→ Brief: Please write out every record exactly, but keep any images out of it.

[Stored records]
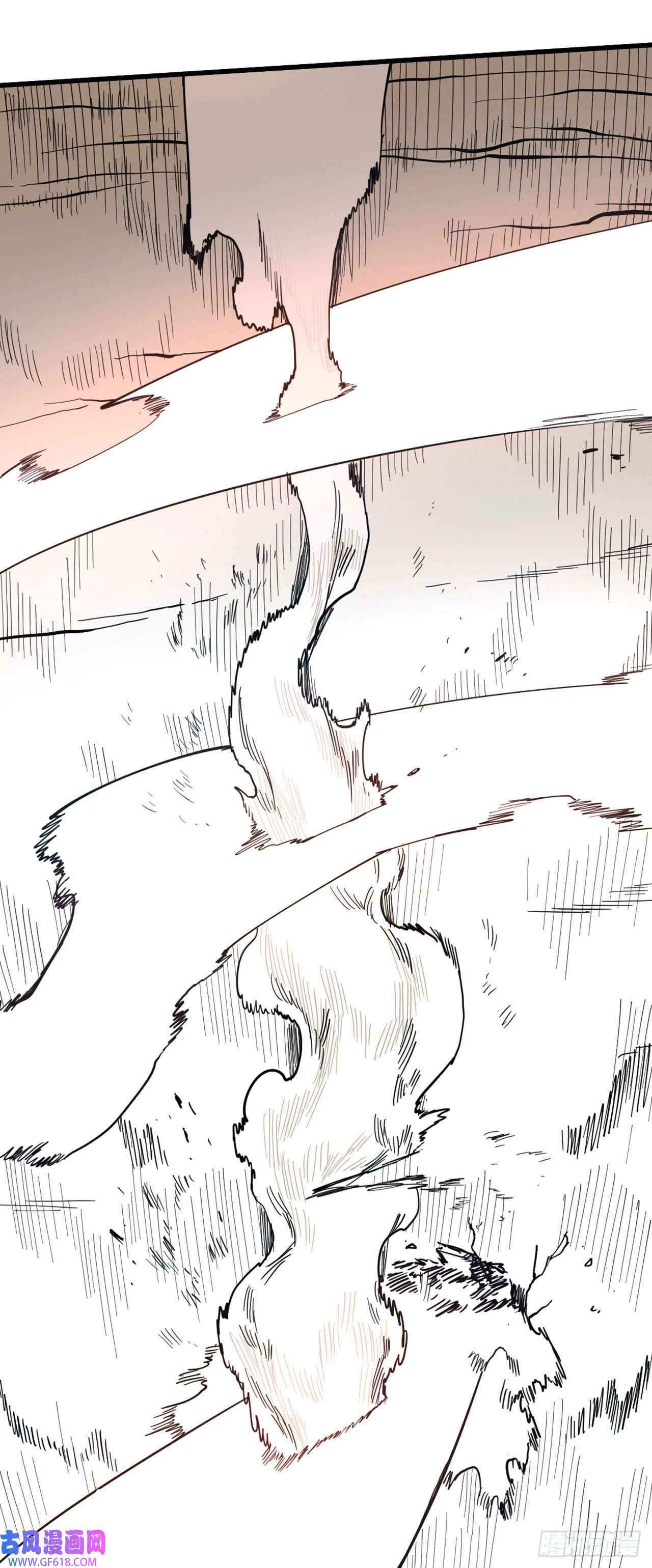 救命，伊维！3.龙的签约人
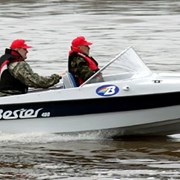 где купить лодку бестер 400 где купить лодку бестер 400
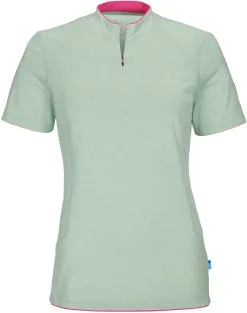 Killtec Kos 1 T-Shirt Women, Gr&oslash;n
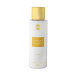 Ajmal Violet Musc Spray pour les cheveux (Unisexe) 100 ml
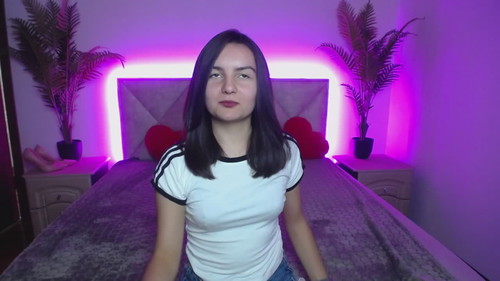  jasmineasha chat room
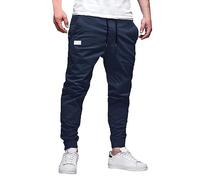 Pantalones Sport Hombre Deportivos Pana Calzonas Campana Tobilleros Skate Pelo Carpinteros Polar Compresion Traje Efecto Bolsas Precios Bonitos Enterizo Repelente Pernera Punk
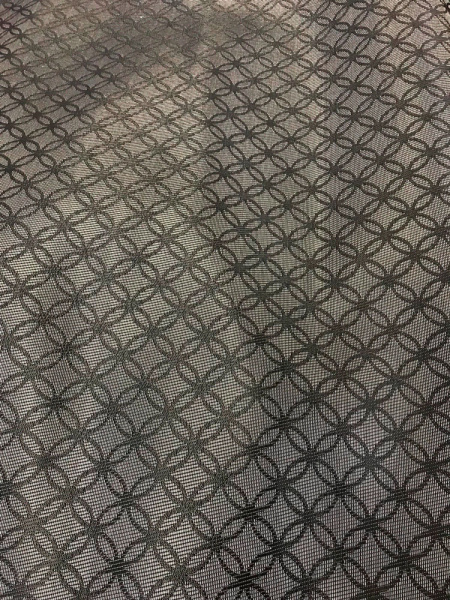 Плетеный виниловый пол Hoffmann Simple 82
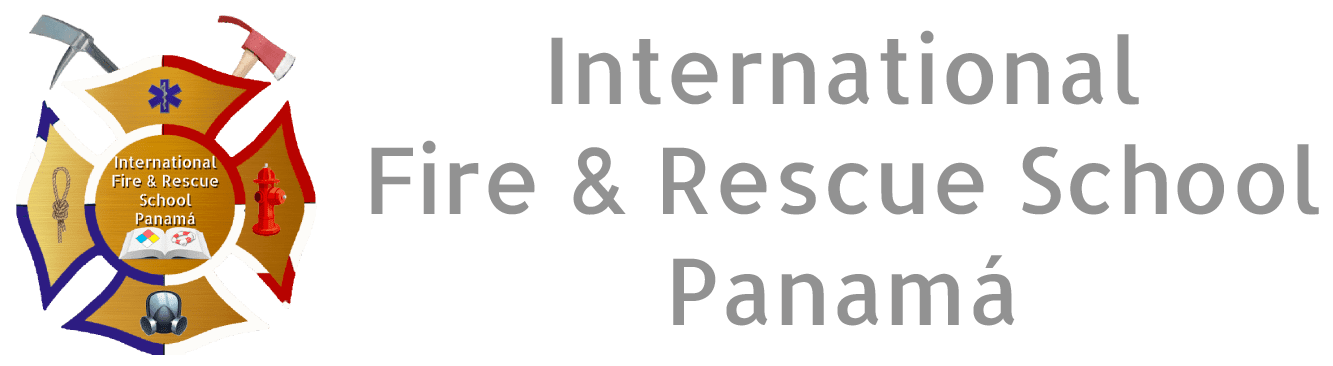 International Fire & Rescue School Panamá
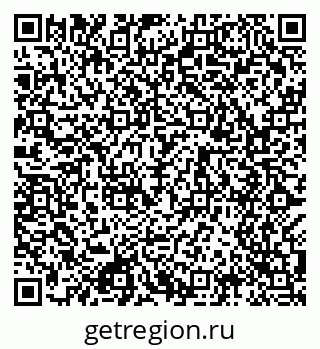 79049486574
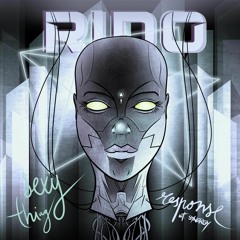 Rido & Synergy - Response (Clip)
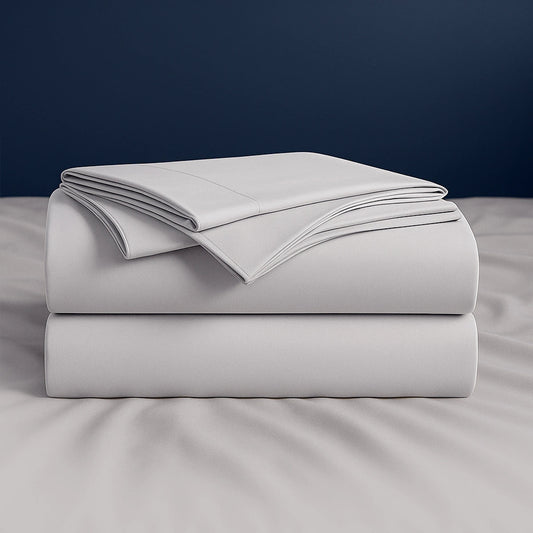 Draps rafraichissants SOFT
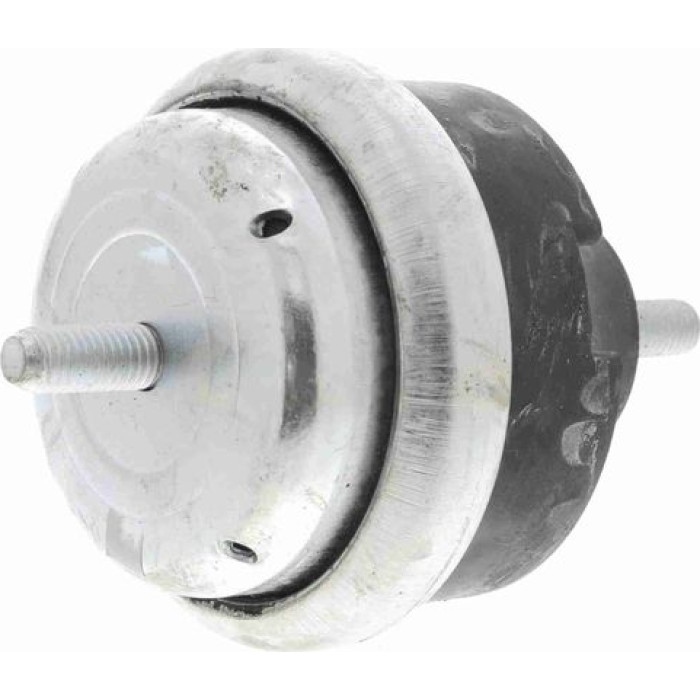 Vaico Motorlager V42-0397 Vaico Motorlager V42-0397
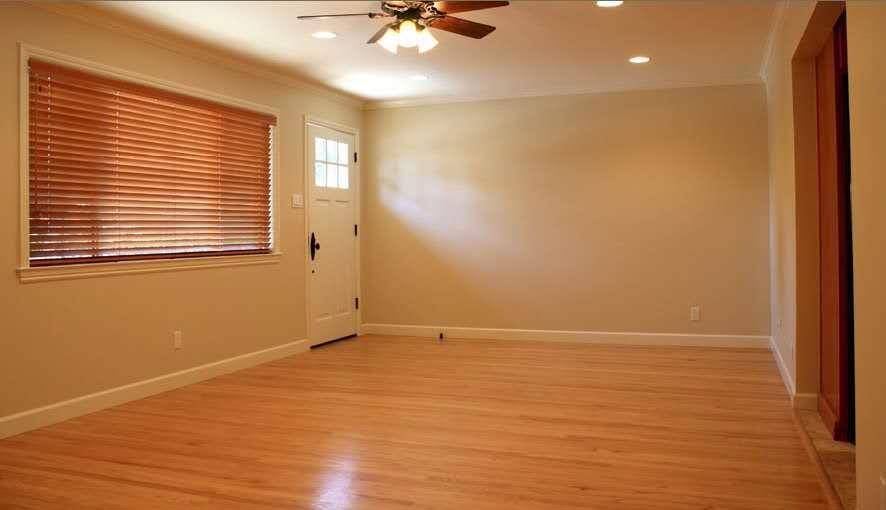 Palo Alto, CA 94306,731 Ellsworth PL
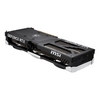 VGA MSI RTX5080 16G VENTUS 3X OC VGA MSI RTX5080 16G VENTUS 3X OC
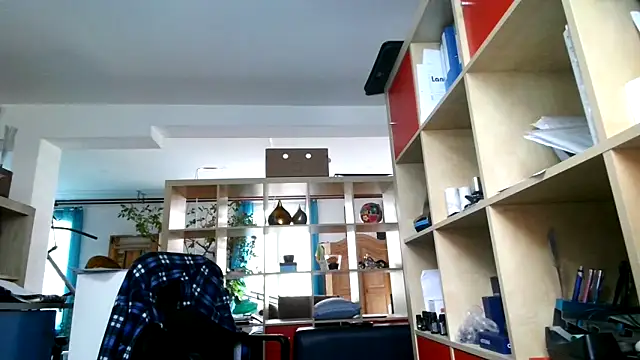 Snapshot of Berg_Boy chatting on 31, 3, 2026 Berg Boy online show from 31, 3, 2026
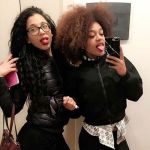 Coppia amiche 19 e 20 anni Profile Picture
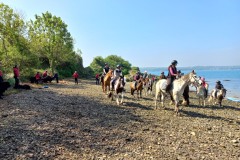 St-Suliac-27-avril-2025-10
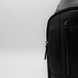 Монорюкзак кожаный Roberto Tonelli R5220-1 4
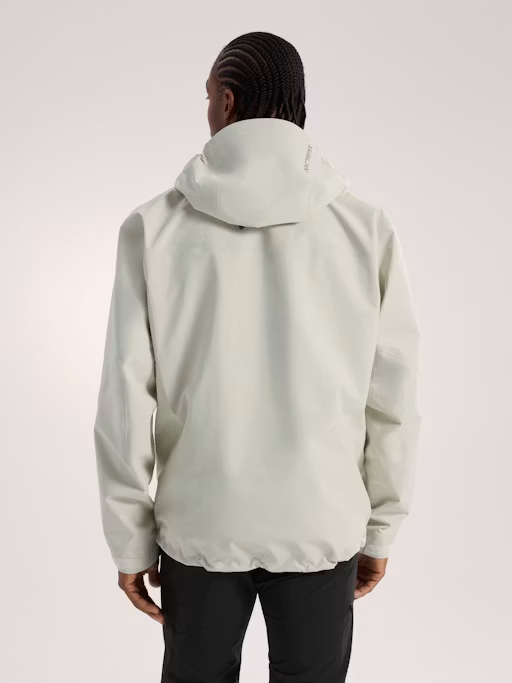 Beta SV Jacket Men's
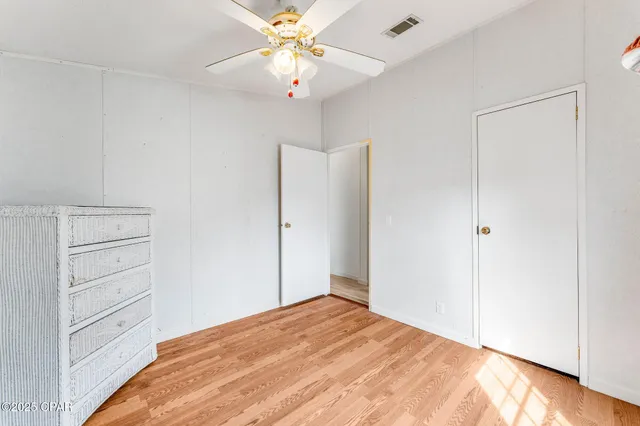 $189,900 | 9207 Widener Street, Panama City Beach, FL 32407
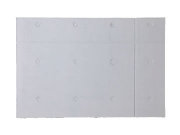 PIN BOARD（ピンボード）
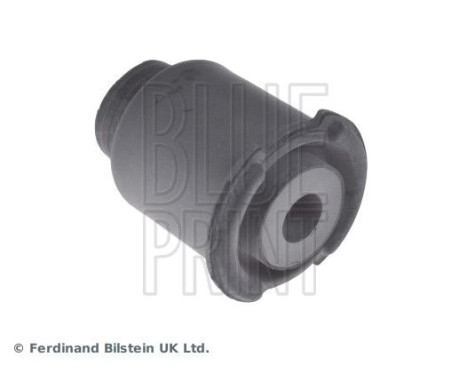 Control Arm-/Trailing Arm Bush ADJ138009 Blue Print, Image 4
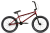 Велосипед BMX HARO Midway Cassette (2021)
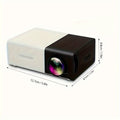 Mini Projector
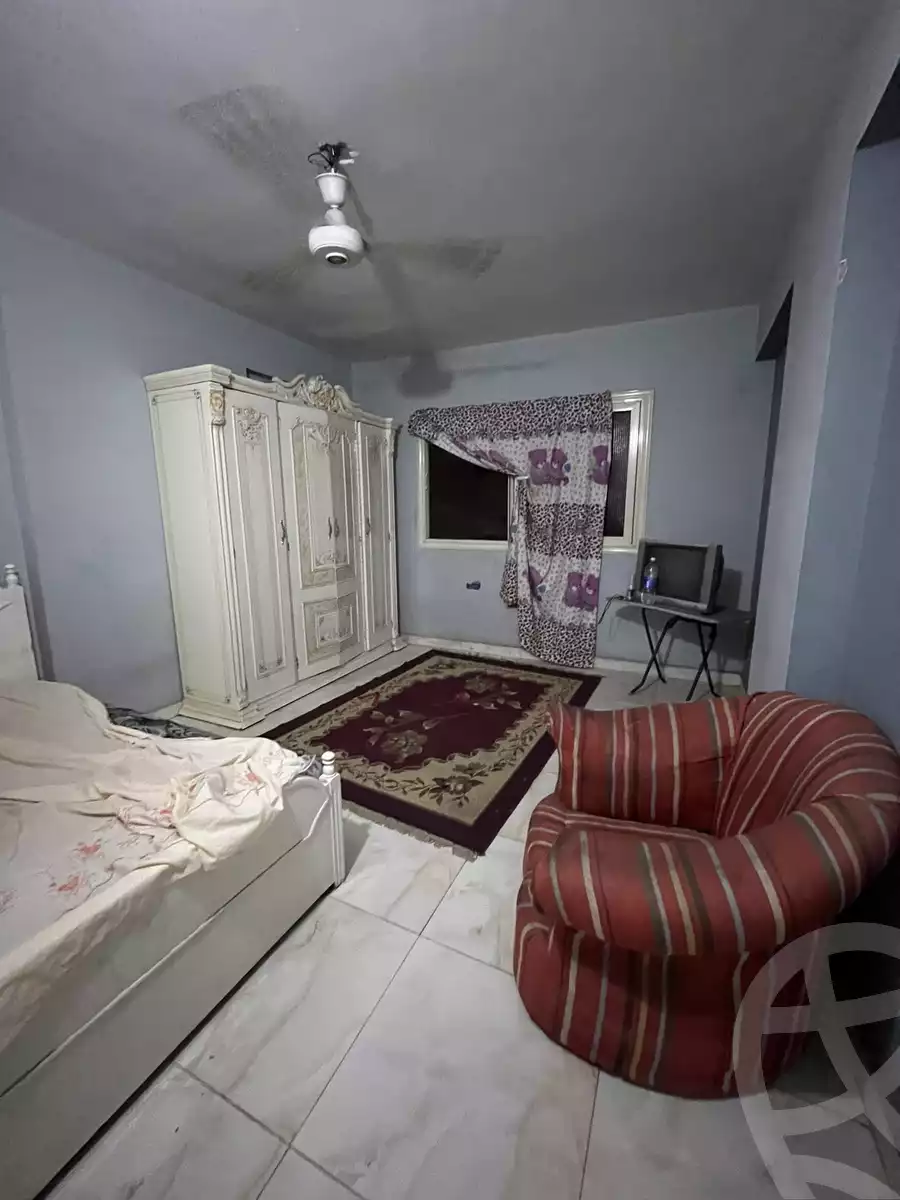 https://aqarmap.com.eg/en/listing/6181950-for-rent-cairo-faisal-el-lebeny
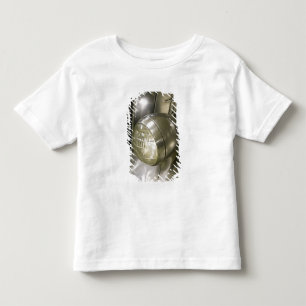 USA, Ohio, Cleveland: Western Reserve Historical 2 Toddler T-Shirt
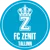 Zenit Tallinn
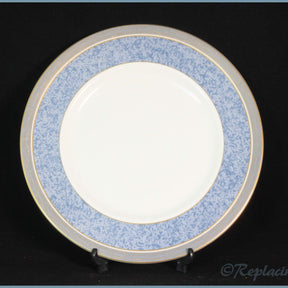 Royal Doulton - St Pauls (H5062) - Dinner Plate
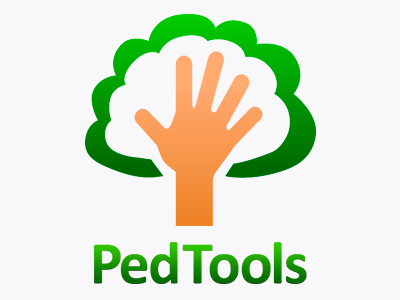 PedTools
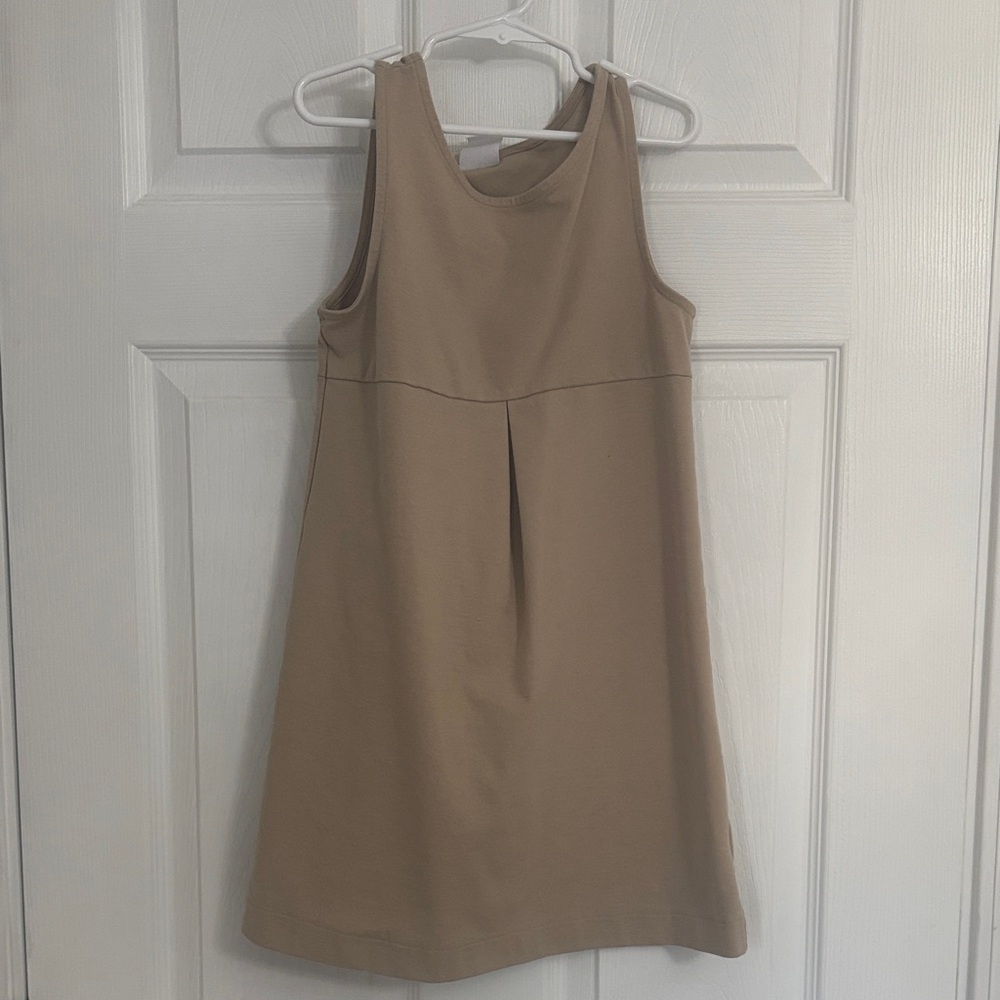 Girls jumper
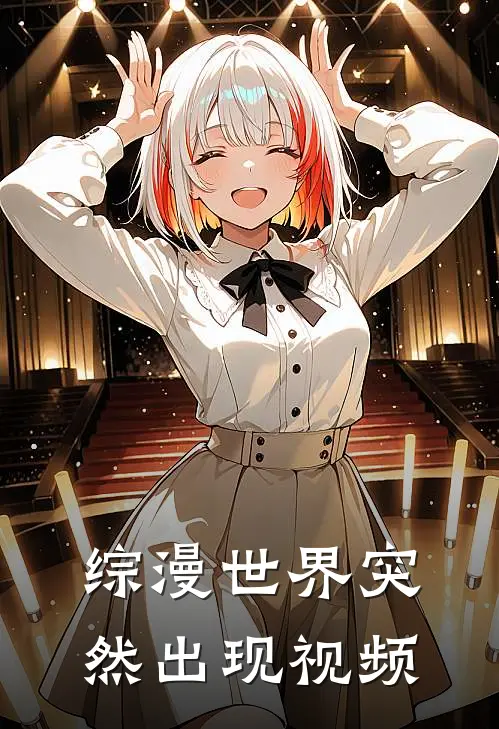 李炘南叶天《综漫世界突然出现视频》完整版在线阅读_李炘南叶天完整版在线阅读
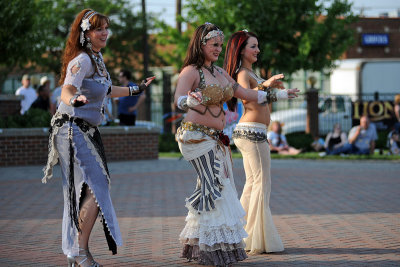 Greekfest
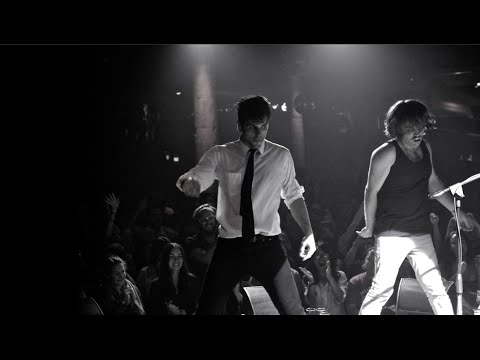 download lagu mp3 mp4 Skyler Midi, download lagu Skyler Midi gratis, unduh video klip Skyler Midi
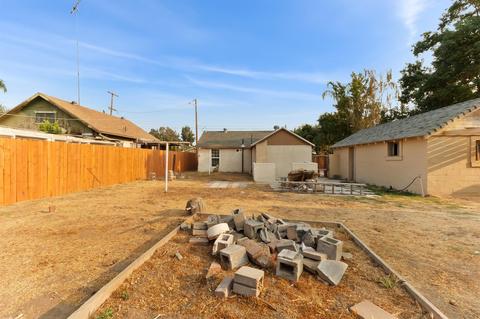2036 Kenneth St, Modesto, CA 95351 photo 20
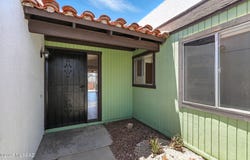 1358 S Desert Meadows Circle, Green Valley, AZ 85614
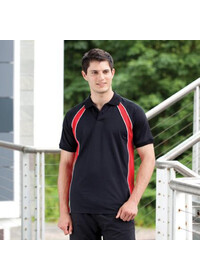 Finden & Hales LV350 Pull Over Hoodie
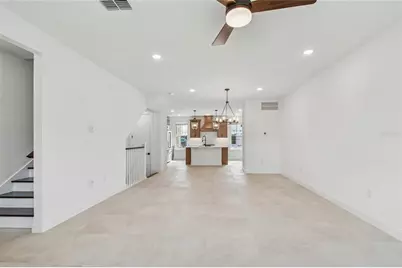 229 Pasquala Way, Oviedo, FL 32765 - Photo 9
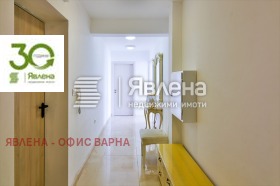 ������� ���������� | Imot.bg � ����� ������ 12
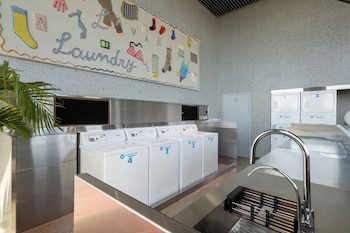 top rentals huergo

→ Solved problem:
 救命，伊维！3.龙的签约人
 где купить лодку бестер 400 где купить лодку бестер 400
 Killtec Kos 1 T-Shirt Women, Gr&oslash;n
 Ajmal Violet Musc Spray pour les cheveux (Unisexe) 100 ml
  jasmineasha chat room
 Pantalones Sport Hombre Deportivos Pana Calzonas Campana Tobilleros Skate Pelo Carpinteros Polar Compresion Traje Efecto Bolsas Precios Bonitos Enterizo Repelente Pernera Punk
 Плетеный виниловый пол Hoffmann Simple 82
 International Fire & Rescue School Panamá
 79049486574
 Rido & Synergy - Response (Clip)
 Draps rafraichissants SOFT
 Vaico Motorlager V42-0397 Vaico Motorlager V42-0397
 Palo Alto, CA 94306,731 Ellsworth PL
 VGA MSI RTX5080 16G VENTUS 3X OC VGA MSI RTX5080 16G VENTUS 3X OC
 Snapshot of Berg_Boy chatting on 31, 3, 2026 Berg Boy online show from 31, 3, 2026
 Coppia amiche 19 e 20 anni Profile Picture
 St-Suliac-27-avril-2025-10
 Монорюкзак кожаный Roberto Tonelli R5220-1 4
 Beta SV Jacket Men's
 $189,900 | 9207 Widener Street, Panama City Beach, FL 32407
 PIN BOARD（ピンボード）
 Control Arm-/Trailing Arm Bush ADJ138009 Blue Print, Image 4
 Велосипед BMX HARO Midway Cassette (2021)
 Mini Projector
 https://aqarmap.com.eg/en/listing/6181950-for-rent-cairo-faisal-el-lebeny
 USA, Ohio, Cleveland: Western Reserve Historical 2 Toddler T-Shirt
 Zenit Tallinn
 Royal Doulton - St Pauls (H5062) - Dinner Plate
 PedTools
 Girls jumper
 李炘南叶天《综漫世界突然出现视频》完整版在线阅读_李炘南叶天完整版在线阅读
 Greekfest
 download lagu mp3 mp4 Skyler Midi, download lagu Skyler Midi gratis, unduh video klip Skyler Midi
2036 Kenneth St, Modesto, CA 95351 photo 20
 1358 S Desert Meadows Circle, Green Valley, AZ 85614
 Finden & Hales LV350 Pull Over Hoodie
 229 Pasquala Way, Oviedo, FL 32765 - Photo 9
 ������� ���������� | Imot.bg � ����� ������ 12
 top rentals huergo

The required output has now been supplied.